As I frequently do between 3 and 4 AM, I found myself running lines of prose through my semi-lucid brain, watching them come and go serially one after the other. Normally that’s not enough to keep me awake. I just let them go, until I start stringing them together into concepts. Then I reach the point where I have to get out of bed and fire up the laptop.
I spent the better part of the last two weekends producing a new trailer for CHAIN OF EVIDENCE, although I did manage to slice out a bit of time for little ghosts & goblins prowling the neighborhood last Saturday night. The old trailer was okay, but it didn’t have the pop I thought it should. Then I had the idea to produce a trailer that was more along the lines of a commercial; you know, like those you hear promoting Patterson or King’s new novel booming from the car’s speakers, by an announcer with a deep voice accompanied by a riveting dramatic score.
Yeah … that'll cost.
I can hear the cash register now.
I can hear the cash register now.
There’s a ton of royalty-free material on the internet ranging from music to photos to videos, and even if some cost a few bucks, the prices are not prohibitive; so why run radio commercials when social media is free for the most part. I have an okay voice; at least Maggie says I do—says it’s sexy. I don’t know about all that, but what I hear in my head compared to what I hear on a recording are two different voices. However, I found that early in the morning my voice is a bit deeper, so I decided to get up before everyone else, when the house was quiet, and do the whole thing myself.
But I digress.
I decided to use the first scene from the book. I found a two-minute dramatic score that I could match to the cadence of the writing, and breaking the sound bites into smaller, more manageable “clips” worked out well, but I found I had to edit the prose to make it really pop! There’s nothing like a little editing to reveal a better way to write a line or two of prose.

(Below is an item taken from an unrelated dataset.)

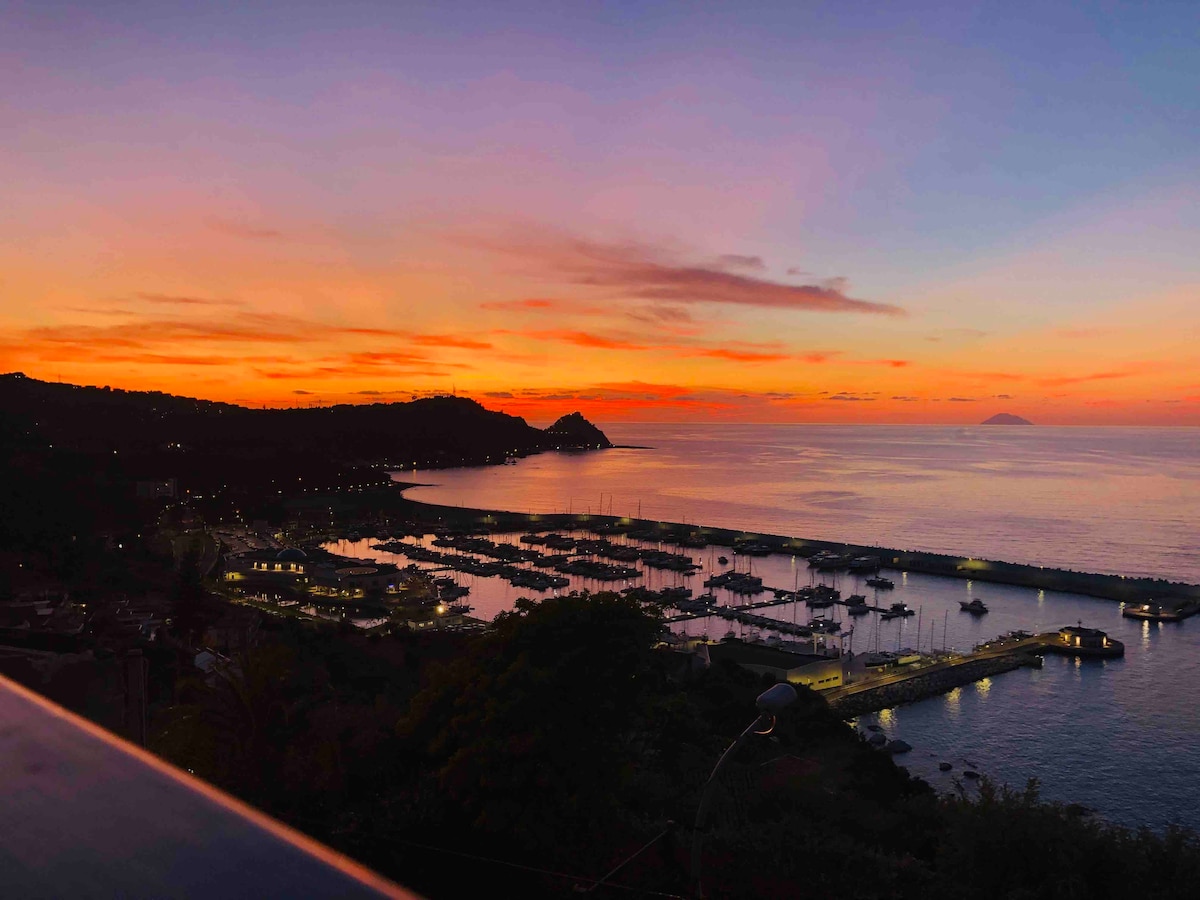 CASADIEOLO, la vacanza affacciati sul blu del mare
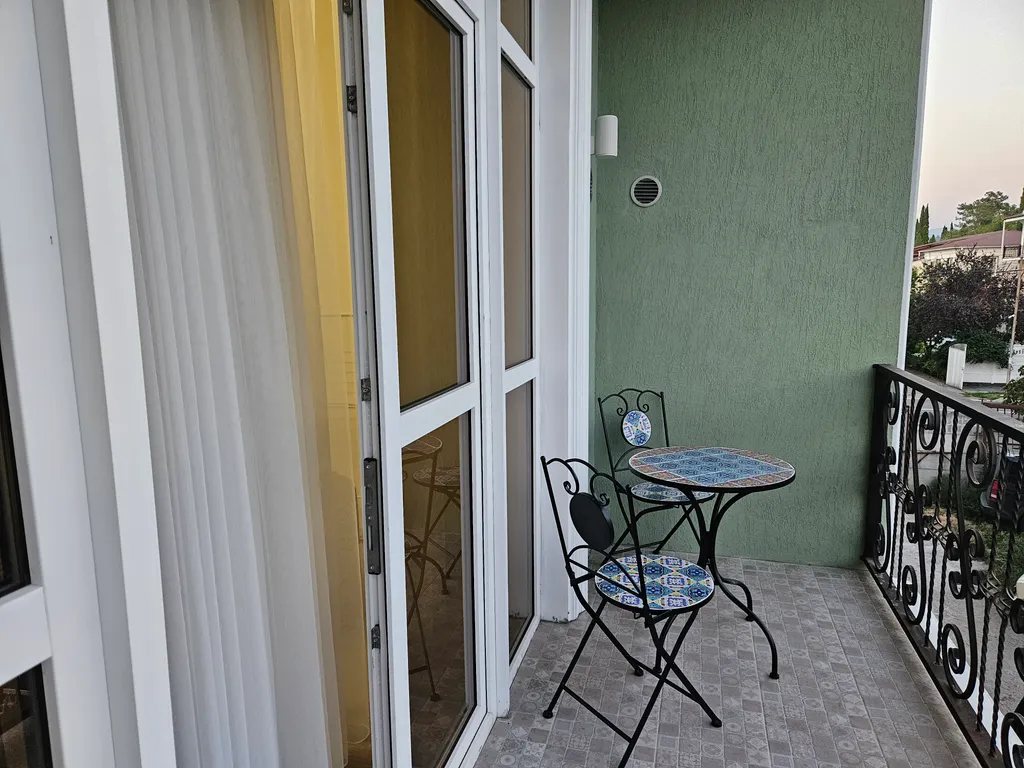 Люкс в отеле Атлас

I’ve been working with an editor on my current effort, and he pointed something out that just made all the difference regarding the power of the written word, that intangible element that keeps readers turning pages, something every writer strives for. And it’s so simple.
Writers tend to write the way they talk to some degree. When we tell a story to a group of friends, we list all the elements, and then summarize for their benefit, just to insure they get the gist of the story. He pointed out that I do the same thing when I write.
I offer it here.
I made my way to the exit and listened for the sounds that I expected to hear. Frantic cries for help among a cacophony of confusion. And when I heard them, I turned to look as anyone might. I watched the bouncers push through the crowd, saw them knock people aside as they rushed to her. And among the music and the screaming, the dancing and the panic, I knew what the bouncers did not. I knew she was dead before she hit the floor.
Now remove the last, summarizing, sentence:
I made my way to the exit and listened for the sounds that I expected to hear. Frantic cries for help among a cacophony of confusion. And when I heard them, I turned to look as anyone might. I watched the bouncers push through the crowd, saw them knock people aside as they rushed to her. And among the music and the screaming, the dancing and the panic, I knew what the bouncers did not.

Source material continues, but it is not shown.